### Image-caption web data

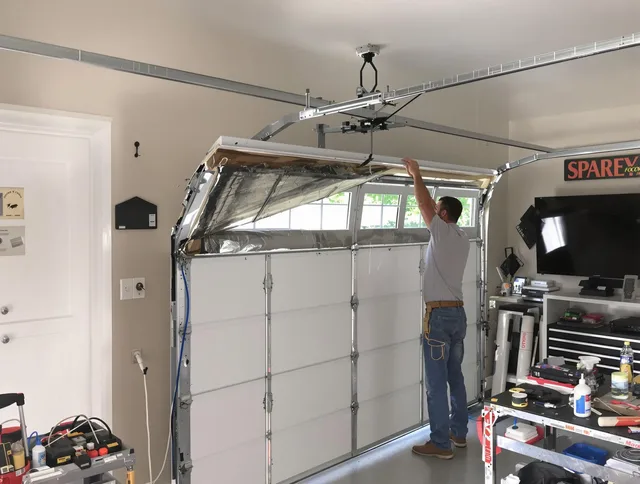 Garage door section replacement by Pasadena Garage Door Repair in Pasadena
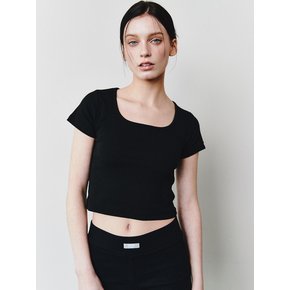 AS BASIC SQUARE CROP T [BLACK]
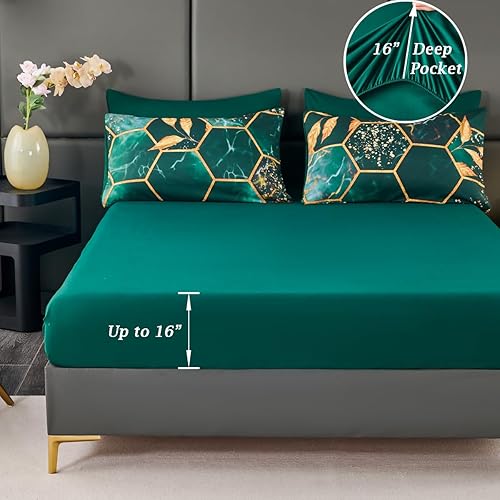 Miniatura 6 de ZRNBAST Juego de edredón tamaño King de color verde oscuro con diseño geométrico de panal de abeja - Juego de ropa de cama de 7 piezas con patrón de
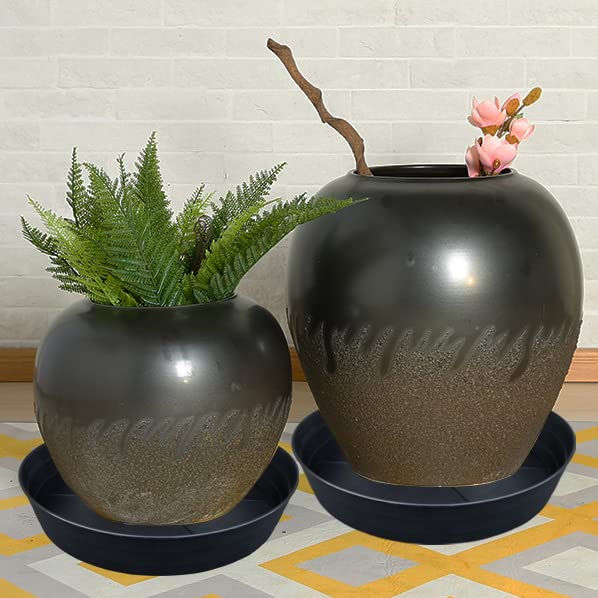 LWALRS 25 Inch Extra Large Planter Saucer, Extra-Deep 4.25 in Black Drip Trays for Flower Pot, Heavy Duty Drainage Tray Indoors No Holes, Plastic Plant Plate Water Catcher for Pots Base 19 20 21 22 in - Image 4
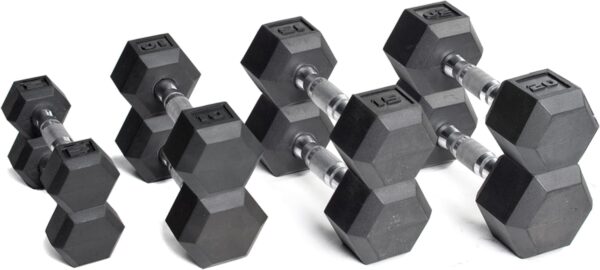 CAP Barbell 100 LB Coated Hex Dumbbell Weight Set with Vertical Rack - Image 2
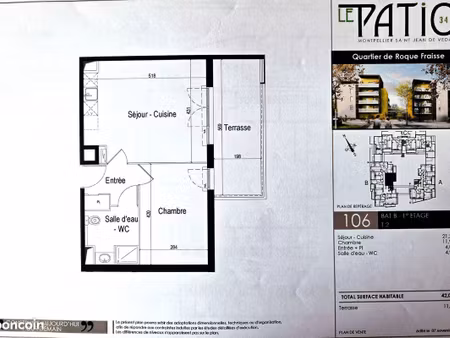 appartement t2 saint jean de vedas
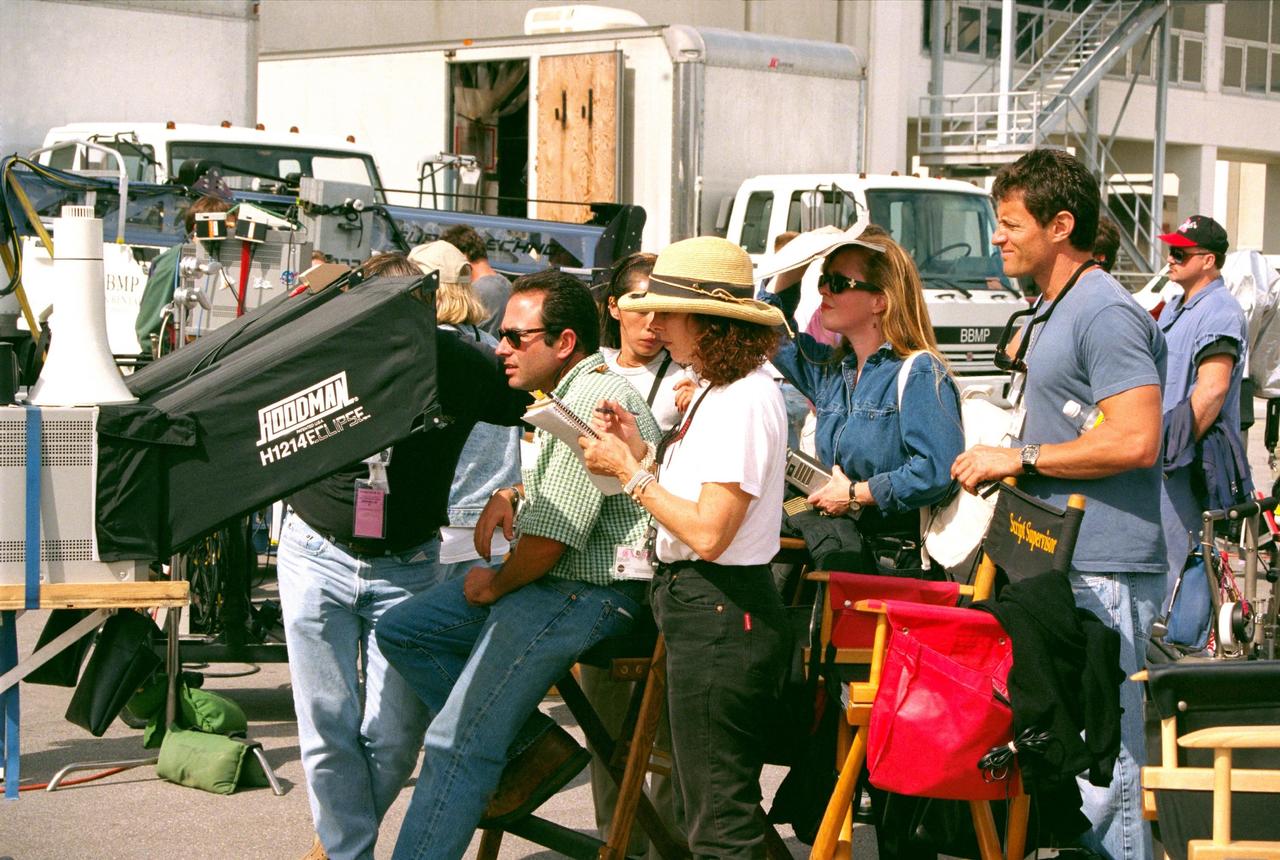 KENNEDY SPACE CENTER, FLA. -- Scheduled for release in the summer of 1998, the major motion picture "Armageddon," starring Bruce Willis and Billy Bob Thornton, was filmed on location at Kennedy Space Center in October and November 1997.  The Touchstone Pictures movie, directed by Michael Bay, is about an asteroid on a collision course with Earth, threatening to strike our planet and threaten all life on it.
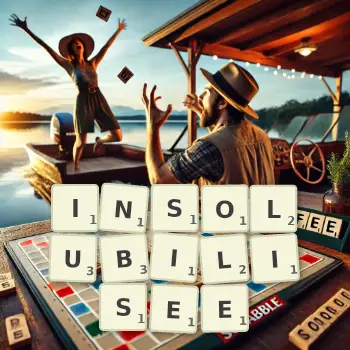 Illustration créative d'un jeu de lettres avec le mot INSOLUBILISEE épelé sur le plateau.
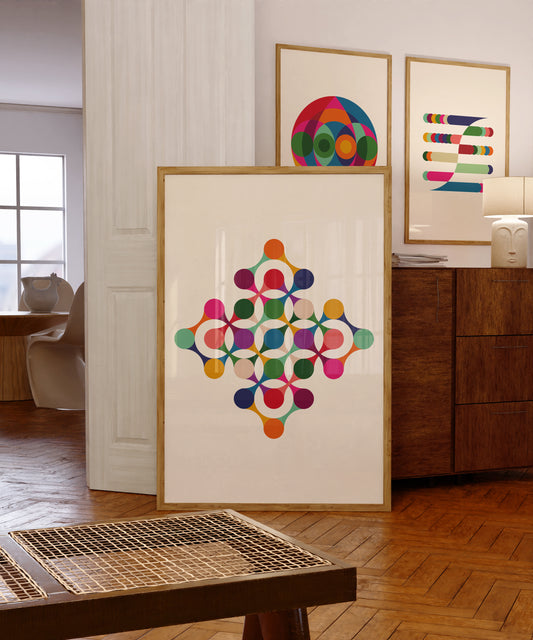 Connected Circles Pattern | Colourful | Digital Print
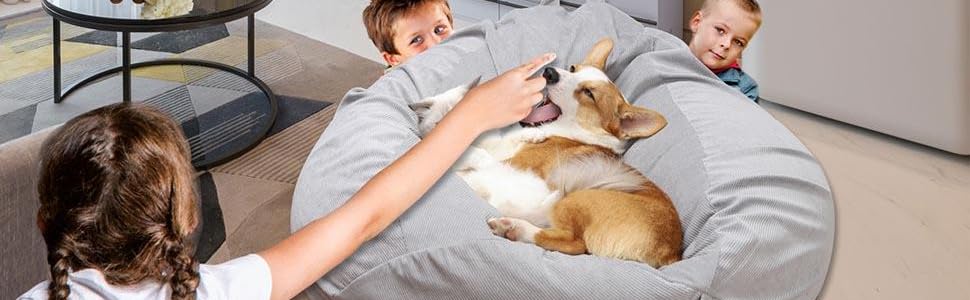 Stuffed Animal Storage Bean Bag Cover Pets Dogs/Cats Lazy Beds. Washable Ultra Soft Corduroy Stuffed for Organizing Plush Toys or Textile, Sack Bean Bag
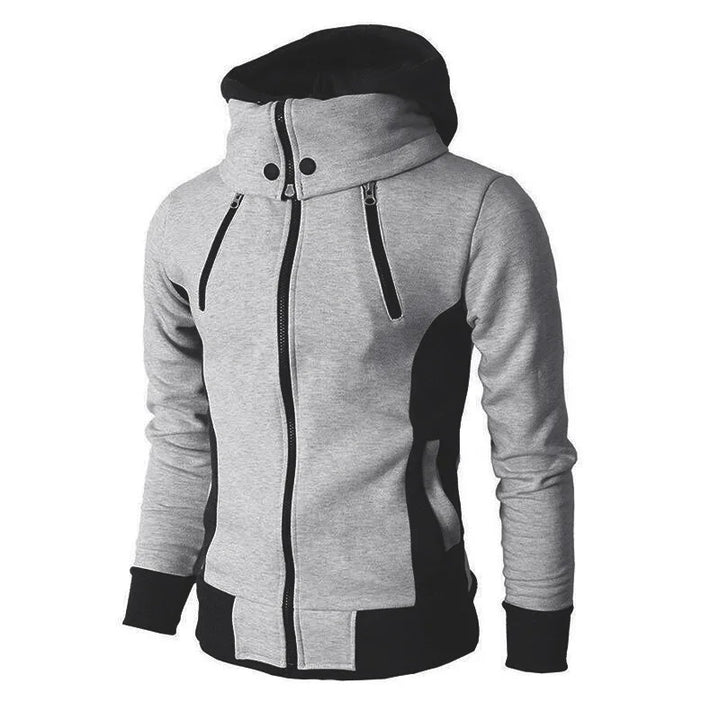 High-Collar Zip-Up Hoodie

### What is being asked
From the line containing "Illustration créative d'un" down to the last line of the entries above, copy each line exactly and nothing more. Leave pictures out.

### Your solution
 Illustration créative d'un jeu de lettres avec le mot INSOLUBILISEE épelé sur le plateau.
 Connected Circles Pattern | Colourful | Digital Print
 Stuffed Animal Storage Bean Bag Cover Pets Dogs/Cats Lazy Beds. Washable Ultra Soft Corduroy Stuffed for Organizing Plush Toys or Textile, Sack Bean Bag
 High-Collar Zip-Up Hoodie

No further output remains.